What's the status of this patch set? Are there any blockers for it to
be applied to perf/core? MM folks are OK with landing the first two
patches in perf/core, so hopefully we should be good to go?
Andrii Nakryiko Nov. 11, 2024, 5:26 p.m. UTC | #2
On Tue, Nov 5, 2024 at 6:01 PM Andrii Nakryiko
<andrii.nakryiko@gmail.com> wrote:
>
> On Sun, Oct 27, 2024 at 6:09 PM Andrii Nakryiko <andrii@kernel.org> wrote:
> >
> > Implement speculative (lockless) resolution of VMA to inode to uprobe,
> > bypassing the need to take mmap_lock for reads, if possible. First two patches
> > by Suren adds mm_struct helpers that help detect whether mm_struct was
> > changed, which is used by uprobe logic to validate that speculative results
> > can be trusted after all the lookup logic results in a valid uprobe instance.
> >
> > Patch #3 is a simplification to uprobe VMA flag checking, suggested by Oleg.
> >
> > And, finally, patch #4 is the speculative VMA-to-uprobe resolution logic
> > itself, and is the focal point of this patch set. It makes entry uprobes in
> > common case scale very well with number of CPUs, as we avoid any locking or
> > cache line bouncing between CPUs.
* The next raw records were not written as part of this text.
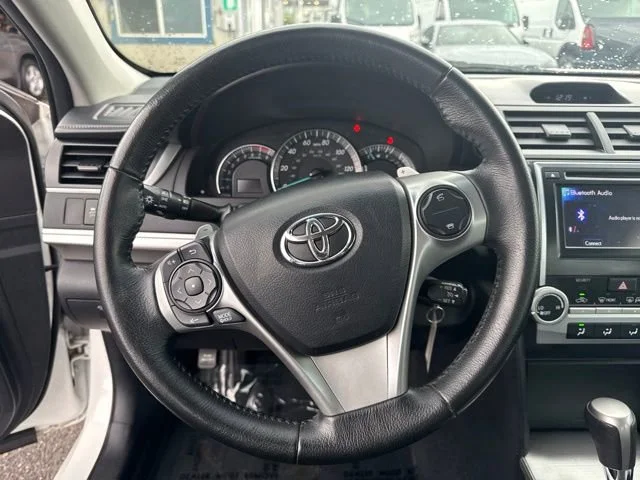 Used 2012 Super White Toyota L image 20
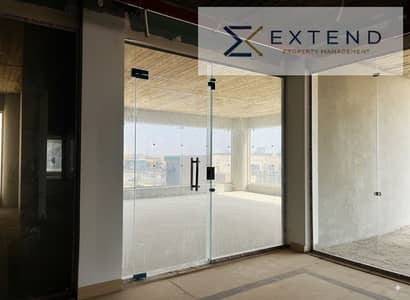 At a special price per meter in the most important locations of 6 October on the central axis, a café for rent with internal spaces and outdoor areas inside a commercial mall with high vitality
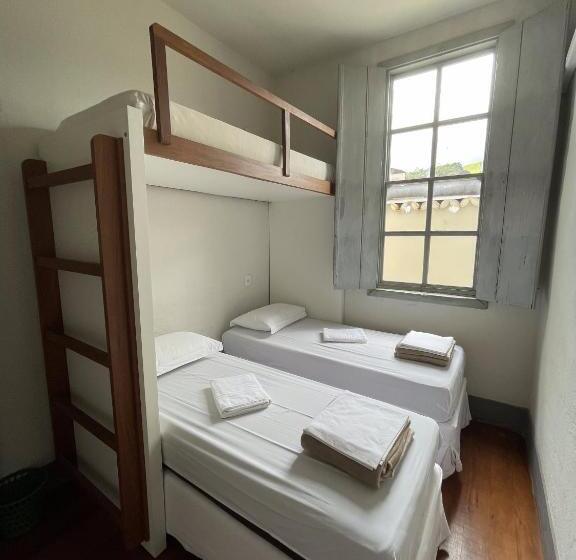 Quarto Triplo Economy, Casarão Hostel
See corresponding patch for details and
> > benchmarking results.
> >
> > Note, this patch set assumes that FMODE_BACKING files were switched to have
> > SLAB_TYPE_SAFE_BY_RCU semantics, which was recently done by Christian Brauner
> > in [0]. This change can be pulled into perf/core through stable
> > tags/vfs-6.13.for-bpf.file tag from [1].
> >
> >   [0] https://git.kernel.org/pub/scm/linux/kernel/git/vfs/vfs.git/commit/?h=vfs-6.13.for-bpf.file&id=8b1bc2590af61129b82a189e9dc7c2804c34400e
> >   [1] git://git.kernel.org/pub/scm/linux/kernel/git/vfs/vfs.git
> >
> > v3->v4:
> > - rebased and dropped data_race(), given mm_struct uses real seqcount (Peter);
> > v2->v3:
> > - dropped kfree_rcu() patch (Christian);
> > - added data_race() annotations for fields of vma and vma->vm_file which could
> >   be modified during speculative lookup (Oleg);
> > - fixed int->long problem in stubs for mmap_lock_speculation_{start,end}(),
> >   caught by Kernel test robot;
> > v1->v2:
> > - adjusted vma_end_write_all() comment to point out it should never be called
> >   manually now, but I wasn't sure how ACQUIRE/RELEASE comments should be
> >   reworded (previously requested by Jann), so I'd appreciate some help there
> >   (Jann);
> > - int -> long change for mm_lock_seq, as agreed at LPC2024 (Jann, Suren, Liam);
> > - kfree_rcu_mightsleep() for FMODE_BACKING (Suren, Christian);
> > - vm_flags simplification in find_active_uprobe_rcu() and
> >   find_active_uprobe_speculative() (Oleg);
> > - guard(rcu)() simplified find_active_uprobe_speculative() implementation.
> >
> > Andrii Nakryiko (2):
> >   uprobes: simplify find_active_uprobe_rcu() VMA checks
> >   uprobes: add speculative lockless VMA-to-inode-to-uprobe resolution
> >
> > Suren Baghdasaryan (2):
> >   mm: Convert mm_lock_seq to a proper seqcount
> >   mm: Introduce mmap_lock_speculation_{begin|end}
> >
> >  include/linux/mm.h               | 12 ++---
> >  include/linux/mm_types.h         |  7 ++-
> >  include/linux/mmap_lock.h        | 87 ++++++++++++++++++++++++--------
> >  kernel/events/uprobes.c          | 47 ++++++++++++++++-
> >  kernel/fork.c                    |  5 +-
> >  mm/init-mm.c                     |  2 +-
> >  tools/testing/vma/vma.c          |  4 +-
> >  tools/testing/vma/vma_internal.h |  4 +-
> >  8 files changed, 129 insertions(+), 39 deletions(-)
> >
> > --
> > 2.43.5
> >
>
> Hi!
>
> What's the status of this patch set? Are there any blockers for it to
> be applied to perf/core? MM folks are OK with landing the first two
> patches in perf/core, so hopefully we should be good to go?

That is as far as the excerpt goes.